* [DESCRIPTION OF THE TASK]: Lines with "Rings": pull these out of the listing below.

* [EXERCISE MATERIAL]:

______

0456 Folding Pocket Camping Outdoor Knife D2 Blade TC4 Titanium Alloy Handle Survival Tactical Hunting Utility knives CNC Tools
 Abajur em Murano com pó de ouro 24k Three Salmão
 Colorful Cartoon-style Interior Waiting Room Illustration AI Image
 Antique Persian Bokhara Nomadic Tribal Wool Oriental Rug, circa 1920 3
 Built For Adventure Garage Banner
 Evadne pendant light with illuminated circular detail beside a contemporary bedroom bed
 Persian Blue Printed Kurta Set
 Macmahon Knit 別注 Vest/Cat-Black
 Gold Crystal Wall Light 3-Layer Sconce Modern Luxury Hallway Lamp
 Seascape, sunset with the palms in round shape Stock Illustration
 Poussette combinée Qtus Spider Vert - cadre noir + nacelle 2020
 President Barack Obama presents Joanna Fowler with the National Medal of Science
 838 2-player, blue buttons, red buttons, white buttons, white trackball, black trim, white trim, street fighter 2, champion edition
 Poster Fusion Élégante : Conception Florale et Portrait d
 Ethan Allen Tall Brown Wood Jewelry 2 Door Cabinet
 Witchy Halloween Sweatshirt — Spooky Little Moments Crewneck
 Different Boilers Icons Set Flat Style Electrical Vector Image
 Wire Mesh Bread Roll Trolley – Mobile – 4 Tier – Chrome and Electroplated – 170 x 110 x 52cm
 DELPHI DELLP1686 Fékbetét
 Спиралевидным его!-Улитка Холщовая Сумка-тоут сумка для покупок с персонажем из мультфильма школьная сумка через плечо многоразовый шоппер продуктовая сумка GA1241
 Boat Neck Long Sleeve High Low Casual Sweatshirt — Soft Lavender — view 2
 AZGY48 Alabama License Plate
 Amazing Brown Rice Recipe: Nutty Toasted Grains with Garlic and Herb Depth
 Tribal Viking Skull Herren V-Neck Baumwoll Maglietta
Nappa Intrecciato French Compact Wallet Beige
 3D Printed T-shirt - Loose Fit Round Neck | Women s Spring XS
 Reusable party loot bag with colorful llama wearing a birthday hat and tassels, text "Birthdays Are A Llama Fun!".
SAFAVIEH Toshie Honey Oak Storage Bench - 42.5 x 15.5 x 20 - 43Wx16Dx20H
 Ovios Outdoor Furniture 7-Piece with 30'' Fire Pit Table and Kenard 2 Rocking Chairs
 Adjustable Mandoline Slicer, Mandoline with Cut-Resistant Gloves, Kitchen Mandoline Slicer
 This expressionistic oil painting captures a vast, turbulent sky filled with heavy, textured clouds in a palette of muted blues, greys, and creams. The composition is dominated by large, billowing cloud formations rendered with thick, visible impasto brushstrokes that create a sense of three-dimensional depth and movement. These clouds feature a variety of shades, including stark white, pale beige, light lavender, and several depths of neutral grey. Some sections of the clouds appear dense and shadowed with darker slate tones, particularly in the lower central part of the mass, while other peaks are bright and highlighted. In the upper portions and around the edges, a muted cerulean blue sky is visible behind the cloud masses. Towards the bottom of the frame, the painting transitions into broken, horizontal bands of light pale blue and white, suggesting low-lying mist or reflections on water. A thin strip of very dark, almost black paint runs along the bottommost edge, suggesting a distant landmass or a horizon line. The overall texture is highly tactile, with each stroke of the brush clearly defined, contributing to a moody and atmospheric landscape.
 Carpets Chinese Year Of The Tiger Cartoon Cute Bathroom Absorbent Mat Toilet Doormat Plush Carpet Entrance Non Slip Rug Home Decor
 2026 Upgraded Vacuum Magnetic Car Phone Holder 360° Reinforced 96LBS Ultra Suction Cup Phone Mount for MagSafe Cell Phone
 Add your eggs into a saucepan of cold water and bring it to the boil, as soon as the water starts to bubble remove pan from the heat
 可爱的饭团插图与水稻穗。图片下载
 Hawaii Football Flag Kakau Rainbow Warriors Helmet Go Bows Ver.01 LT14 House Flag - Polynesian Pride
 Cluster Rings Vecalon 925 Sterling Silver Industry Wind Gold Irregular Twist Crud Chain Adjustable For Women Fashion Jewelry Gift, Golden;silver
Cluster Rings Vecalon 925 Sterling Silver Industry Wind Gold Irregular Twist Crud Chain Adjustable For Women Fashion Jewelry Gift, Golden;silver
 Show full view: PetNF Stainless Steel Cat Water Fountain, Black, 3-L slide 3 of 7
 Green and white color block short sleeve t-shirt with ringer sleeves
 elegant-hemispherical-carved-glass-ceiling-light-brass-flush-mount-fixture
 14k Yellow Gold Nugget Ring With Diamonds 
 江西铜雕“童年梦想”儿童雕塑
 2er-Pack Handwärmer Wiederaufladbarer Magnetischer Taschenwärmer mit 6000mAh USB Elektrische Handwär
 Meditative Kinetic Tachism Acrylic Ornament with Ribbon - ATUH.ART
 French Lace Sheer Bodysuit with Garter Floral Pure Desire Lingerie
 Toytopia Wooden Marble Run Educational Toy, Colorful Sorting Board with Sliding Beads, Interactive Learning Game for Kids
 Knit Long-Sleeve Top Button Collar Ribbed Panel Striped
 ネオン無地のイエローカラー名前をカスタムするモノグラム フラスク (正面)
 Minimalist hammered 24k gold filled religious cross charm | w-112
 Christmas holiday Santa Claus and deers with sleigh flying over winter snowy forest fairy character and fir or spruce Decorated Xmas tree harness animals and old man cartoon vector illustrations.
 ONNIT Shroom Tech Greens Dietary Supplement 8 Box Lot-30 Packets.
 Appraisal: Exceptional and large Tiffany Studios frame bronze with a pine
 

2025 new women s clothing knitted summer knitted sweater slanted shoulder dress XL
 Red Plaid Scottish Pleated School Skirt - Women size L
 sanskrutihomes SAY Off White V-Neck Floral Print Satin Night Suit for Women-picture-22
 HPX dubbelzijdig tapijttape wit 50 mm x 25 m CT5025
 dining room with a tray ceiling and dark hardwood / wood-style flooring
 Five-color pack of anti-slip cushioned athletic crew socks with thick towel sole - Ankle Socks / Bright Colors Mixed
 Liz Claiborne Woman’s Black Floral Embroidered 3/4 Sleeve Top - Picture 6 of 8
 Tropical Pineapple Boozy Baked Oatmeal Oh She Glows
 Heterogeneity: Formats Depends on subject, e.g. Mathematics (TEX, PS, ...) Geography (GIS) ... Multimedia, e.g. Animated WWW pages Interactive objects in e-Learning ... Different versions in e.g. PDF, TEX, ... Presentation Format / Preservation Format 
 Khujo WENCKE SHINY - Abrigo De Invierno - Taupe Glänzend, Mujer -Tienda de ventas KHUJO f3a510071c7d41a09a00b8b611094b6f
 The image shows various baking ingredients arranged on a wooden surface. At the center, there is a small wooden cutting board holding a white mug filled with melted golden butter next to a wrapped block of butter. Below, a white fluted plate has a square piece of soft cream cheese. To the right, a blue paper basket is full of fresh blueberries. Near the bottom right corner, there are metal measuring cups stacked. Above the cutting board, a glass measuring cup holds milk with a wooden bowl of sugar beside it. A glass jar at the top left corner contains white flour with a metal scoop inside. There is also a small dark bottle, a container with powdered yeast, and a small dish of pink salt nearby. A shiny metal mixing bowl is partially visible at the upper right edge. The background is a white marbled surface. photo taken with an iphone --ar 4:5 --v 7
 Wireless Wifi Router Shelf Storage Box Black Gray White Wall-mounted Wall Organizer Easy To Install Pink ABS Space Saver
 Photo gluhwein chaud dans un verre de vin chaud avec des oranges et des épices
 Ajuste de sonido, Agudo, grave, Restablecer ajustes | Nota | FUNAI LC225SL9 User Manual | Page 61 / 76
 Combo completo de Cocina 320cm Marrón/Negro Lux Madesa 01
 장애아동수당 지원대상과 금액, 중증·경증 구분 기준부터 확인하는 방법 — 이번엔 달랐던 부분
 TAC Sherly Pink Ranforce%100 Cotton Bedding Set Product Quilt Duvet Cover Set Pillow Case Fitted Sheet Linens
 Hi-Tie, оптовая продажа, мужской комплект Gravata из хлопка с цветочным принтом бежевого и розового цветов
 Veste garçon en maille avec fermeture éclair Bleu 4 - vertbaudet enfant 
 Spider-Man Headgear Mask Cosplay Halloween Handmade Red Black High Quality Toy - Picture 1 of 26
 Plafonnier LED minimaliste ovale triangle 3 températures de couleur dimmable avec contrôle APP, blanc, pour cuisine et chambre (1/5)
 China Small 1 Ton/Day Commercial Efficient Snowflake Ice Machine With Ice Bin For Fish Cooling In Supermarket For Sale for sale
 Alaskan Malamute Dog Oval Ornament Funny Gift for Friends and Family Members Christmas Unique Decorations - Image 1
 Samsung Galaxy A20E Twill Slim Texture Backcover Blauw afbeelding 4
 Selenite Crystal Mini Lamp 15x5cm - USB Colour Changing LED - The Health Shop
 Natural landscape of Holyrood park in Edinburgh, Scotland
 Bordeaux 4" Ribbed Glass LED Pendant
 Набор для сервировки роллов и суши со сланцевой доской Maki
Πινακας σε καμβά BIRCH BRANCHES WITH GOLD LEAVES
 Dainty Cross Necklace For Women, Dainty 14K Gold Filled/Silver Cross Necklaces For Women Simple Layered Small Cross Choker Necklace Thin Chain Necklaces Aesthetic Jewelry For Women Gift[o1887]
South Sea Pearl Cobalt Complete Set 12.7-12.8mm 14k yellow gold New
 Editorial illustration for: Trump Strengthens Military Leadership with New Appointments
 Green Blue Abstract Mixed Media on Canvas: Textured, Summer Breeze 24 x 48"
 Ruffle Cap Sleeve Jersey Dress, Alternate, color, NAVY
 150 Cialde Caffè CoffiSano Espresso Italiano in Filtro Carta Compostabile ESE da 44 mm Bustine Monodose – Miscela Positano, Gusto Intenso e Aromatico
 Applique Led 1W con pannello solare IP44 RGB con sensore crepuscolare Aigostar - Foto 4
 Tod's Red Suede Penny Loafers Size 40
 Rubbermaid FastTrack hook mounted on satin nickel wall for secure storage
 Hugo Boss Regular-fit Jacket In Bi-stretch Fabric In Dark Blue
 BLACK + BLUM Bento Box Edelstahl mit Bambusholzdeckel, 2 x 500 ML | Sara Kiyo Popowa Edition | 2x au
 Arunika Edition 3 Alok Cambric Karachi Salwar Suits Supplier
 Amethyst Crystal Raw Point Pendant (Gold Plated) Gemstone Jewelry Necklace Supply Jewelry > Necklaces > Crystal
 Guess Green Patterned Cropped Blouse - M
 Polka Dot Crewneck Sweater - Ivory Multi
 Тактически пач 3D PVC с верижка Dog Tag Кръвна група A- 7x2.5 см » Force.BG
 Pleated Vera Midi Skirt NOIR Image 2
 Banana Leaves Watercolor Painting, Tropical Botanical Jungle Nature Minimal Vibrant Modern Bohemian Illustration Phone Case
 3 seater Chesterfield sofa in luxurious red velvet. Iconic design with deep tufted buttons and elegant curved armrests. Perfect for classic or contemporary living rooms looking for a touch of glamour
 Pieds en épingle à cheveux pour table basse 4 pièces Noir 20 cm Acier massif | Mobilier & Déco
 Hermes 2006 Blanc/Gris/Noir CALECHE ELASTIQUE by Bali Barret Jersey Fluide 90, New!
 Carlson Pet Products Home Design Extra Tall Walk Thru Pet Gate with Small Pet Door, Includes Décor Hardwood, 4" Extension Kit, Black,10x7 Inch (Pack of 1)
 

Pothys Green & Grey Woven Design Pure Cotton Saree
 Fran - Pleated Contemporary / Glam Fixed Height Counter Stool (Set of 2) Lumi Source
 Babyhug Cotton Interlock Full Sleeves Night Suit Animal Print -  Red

______

* [OUTPUT BELOW]:
 Cluster Rings Vecalon 925 Sterling Silver Industry Wind Gold Irregular Twist Crud Chain Adjustable For Women Fashion Jewelry Gift, Golden;silver
Cluster Rings Vecalon 925 Sterling Silver Industry Wind Gold Irregular Twist Crud Chain Adjustable For Women Fashion Jewelry Gift, Golden;silver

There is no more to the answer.